Figure 2.1 shows the historical development of traffic flow models as a model tree. From this diagram, it is observed that all traffic flow models have one common root: the fundamental relation (or fundamental diagram – FD). The other three families consist of the microscopic, mesoscopic and macroscopic models. After the introduction of the fundamental relation in the 1930s, microscopic and macroscopic models were introduced simultaneously in the 1950s. Mesoscopic models are about a decade younger. Microscopic models distinguish and trace the behaviour of each individual vehicle while macroscopic models aggregate vehicles and traffic and they are usually described as a continuum. Mesoscopic models are categorized in between microscopic and macroscopic models as their (mesoscopic) aggregation level is between both (micro- and macroscopic models).
Traffic modelling theories seek to describe in a precise mathematical way the interactions between vehicles and their operators (the mobile components) and the infrastructure (the immobile components). The infrastructure consists of the road network and all its operational elements like control devices, signs and markings.
In the figure below, grey lines indicate descent; black dots indicate publications; black lines indicate that the model has (or multiple very similar models have) been published multiple times (Kessels, 2013). (Most labels are omitted for readability).

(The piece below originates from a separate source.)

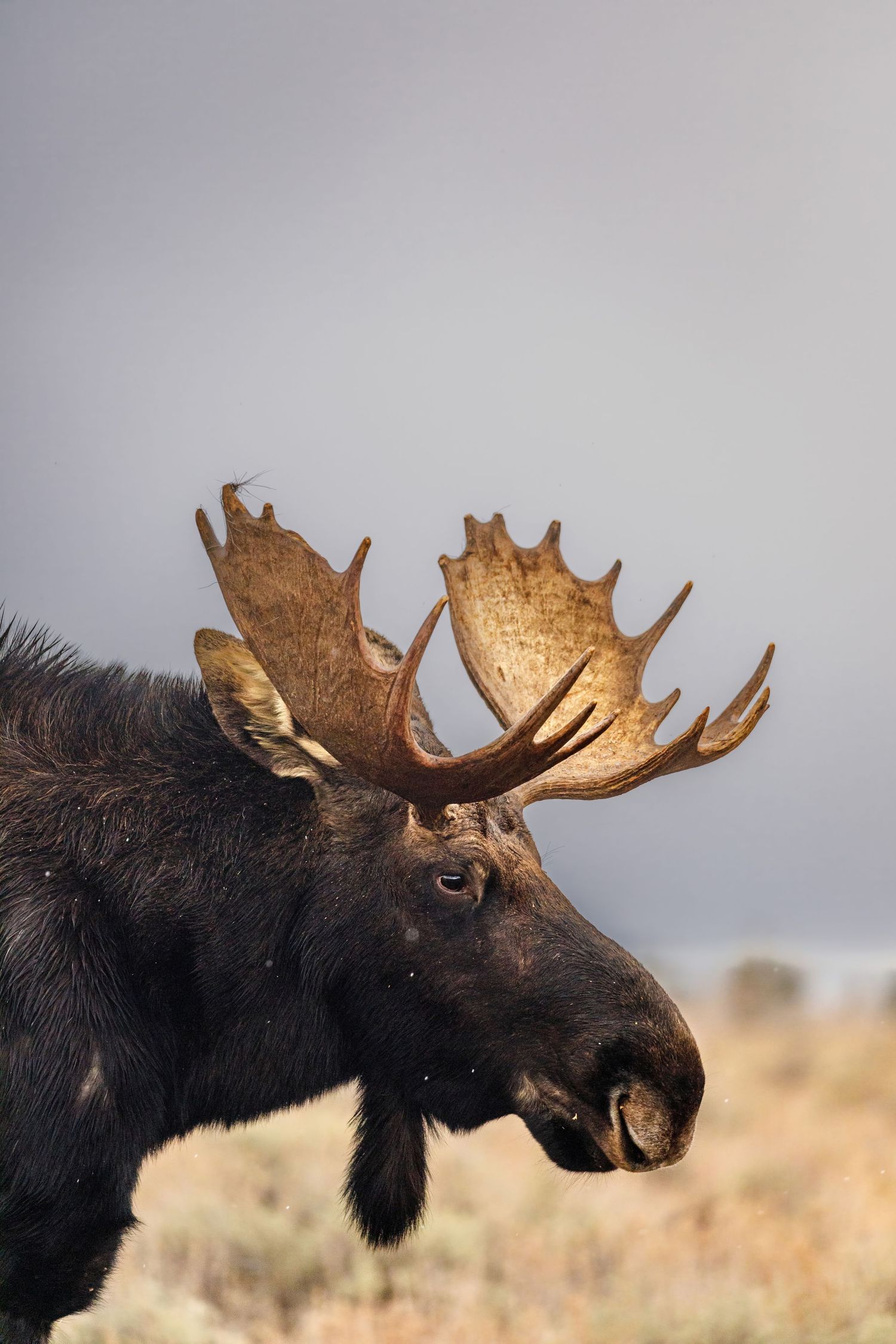 Close-up profile of bull moose with massive antlers against grey sky.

Digital computer programs to simulate traffic flow have been developed from 1950 onwards. Early simulation model developers of this period had to deal with an adverse computing environment. Not only were computers in limited supply and computer time very costly, but software developers also had to deal with severe computer storage and programming constraints. While the limited availability of computing equipment restricted the development of simulation software in the 1950s, theoretical developments were taking place which would profoundly promote the development and use of traffic simulation in the future. Pioneers involved in the emergence of transportation engineering in this decade include:
- John Glen Wardrop, an English Mathematician and transport analyst, who in 1952 articulated principles that have been widely used to simplify the mathematics associated with routing in traffic models (www.wisdot.info). His equilibrium laws form the basis for traffic assignment and the present application of simulation-based network modelling (TRC,2014).

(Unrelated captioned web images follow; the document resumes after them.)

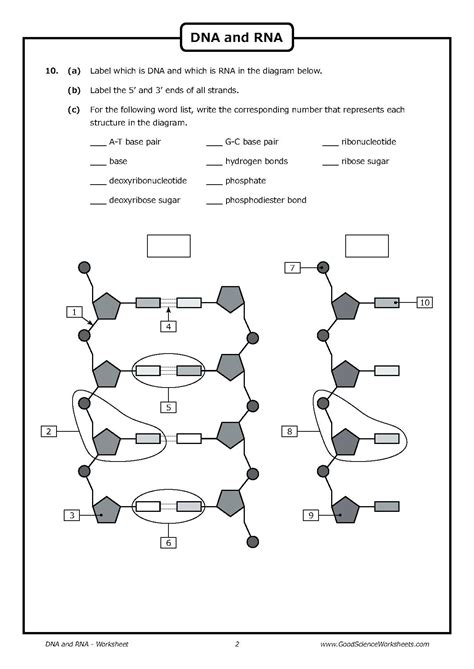 Dna Structure Worksheet Answer Dna Teaching And Worksheets On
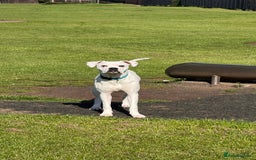 Mixed Breed dogs for sale: Mixed breed for rehoming - Advert 4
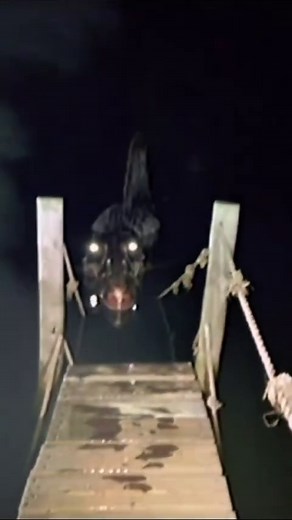 Spinosaurus Attack in Jurassic Park 3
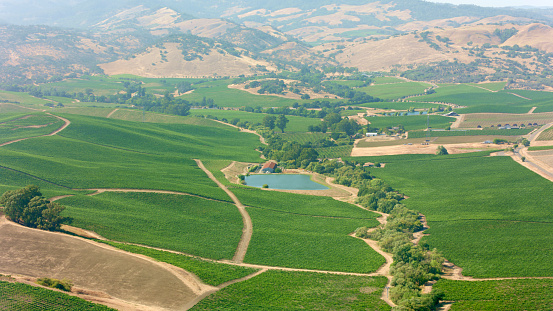 Aerial view of agricultural farmland during sunny day, Napa Valley, Napa County, California, USA.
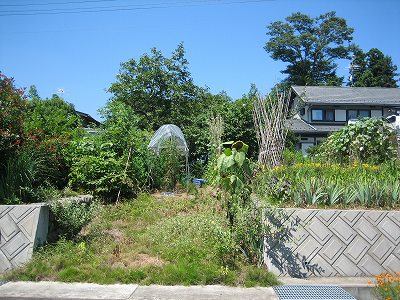 家が・・・あぁ。。。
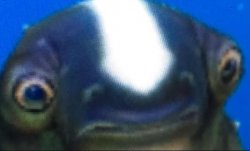 subnautica seamoth cuddlefish Meme Template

- Sir Michael James Lighthill (a British applied mathematician) and Gerald B. Whitham (an American applied mathematician) developed together the fluid flow analogies of traffic flow in 1955 – comparing traffic flow on long crowded roads with the flood movements in long rivers. A year later, P.I. Richards complemented the idea with the introduction of “shock-waves on the highway” in 1956, thereby completing the so- called LWR model. This LWR theory forms the basis for most macroscopic simulation models (Wikipedia, TRC2014).
- E. Chandler, Robert Herman and E.W. Montroll put forward, in 1958, the first prototype of a car-following model which led to the GHR model/formula by D.C. Gazis, Robert Herman and R.W. Rothery in the late 1950s and early 1960s. The car- following model forms the core of microscopic simulation models (Brackstone et al., 1998).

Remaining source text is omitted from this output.